DESCRIPTION OF THE TASK - In the copy, include exactly the lines from the one with "BYT BUDE dokončeny" through the end of the data and no others, both ends kept, with every picture left out.

THE DATA -
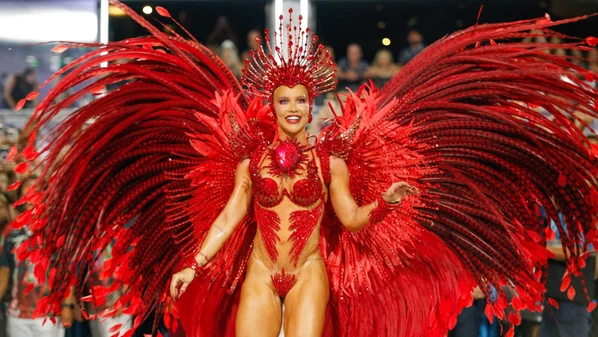 Influenciadora teve problemas com sua fantasia no desfile e havia levantado dúvidas sobre a perda de pontos da escola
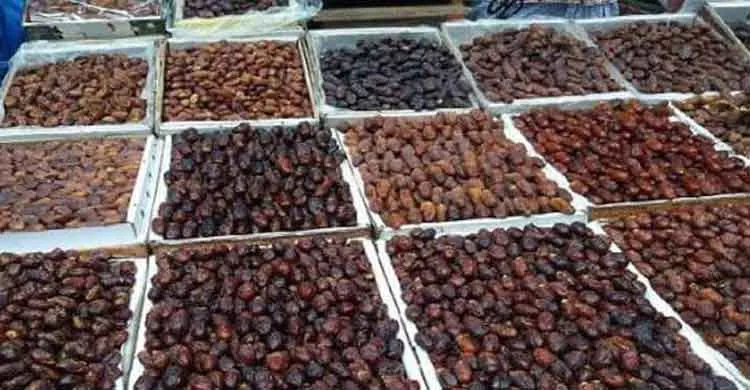 রমজানে কাওরান বাজারে অস্থায়ী খেজুর বাজার: কম দামের ফাঁদে প্রতারণা, সিন্ডিকেটের দৌরাত্ম্য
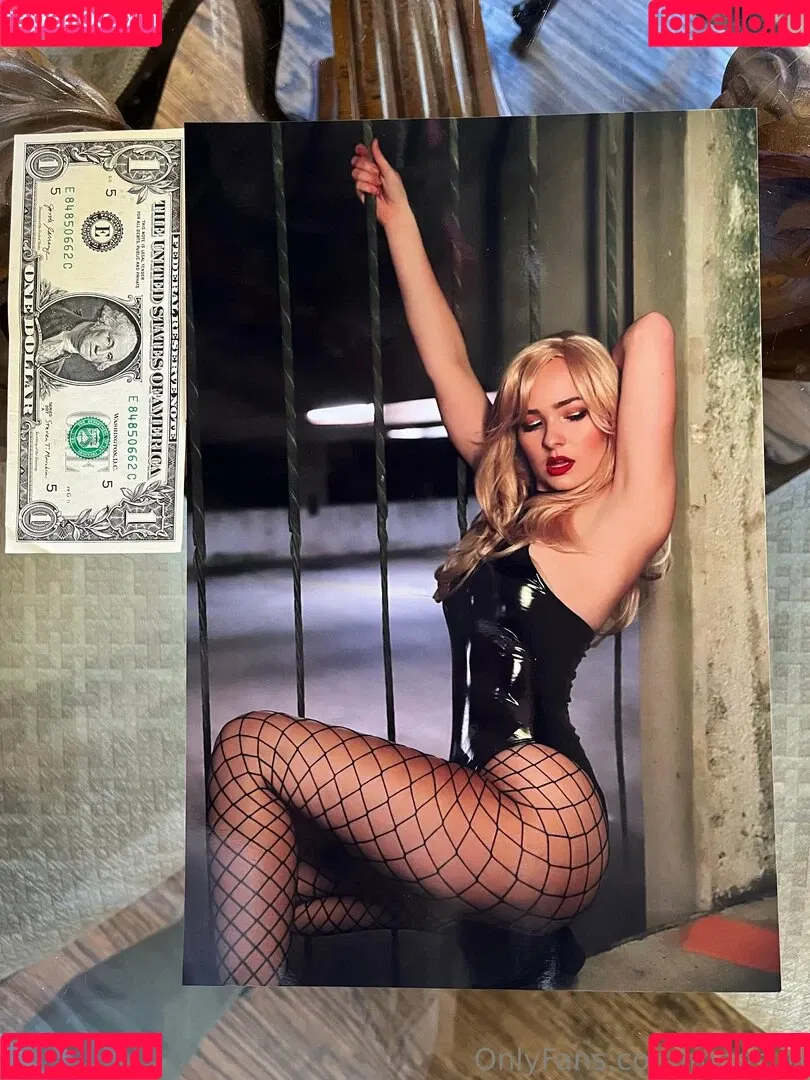 Mags.IRL Onlyfans Photo Gallery 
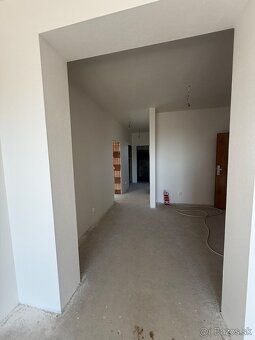 BYT BUDE dokončeny do štandardu podla požiadaviek klienta: P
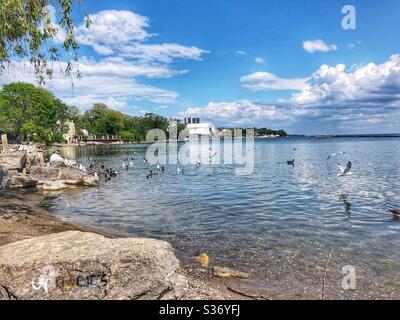 Ein sonniger Frühlingstag am Ufer des Lake Ontario in Toronto. Stockfoto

SOLUTION FOR THIS PROBLEM -
 BYT BUDE dokončeny do štandardu podla požiadaviek klienta: P
 Ein sonniger Frühlingstag am Ufer des Lake Ontario in Toronto. Stockfoto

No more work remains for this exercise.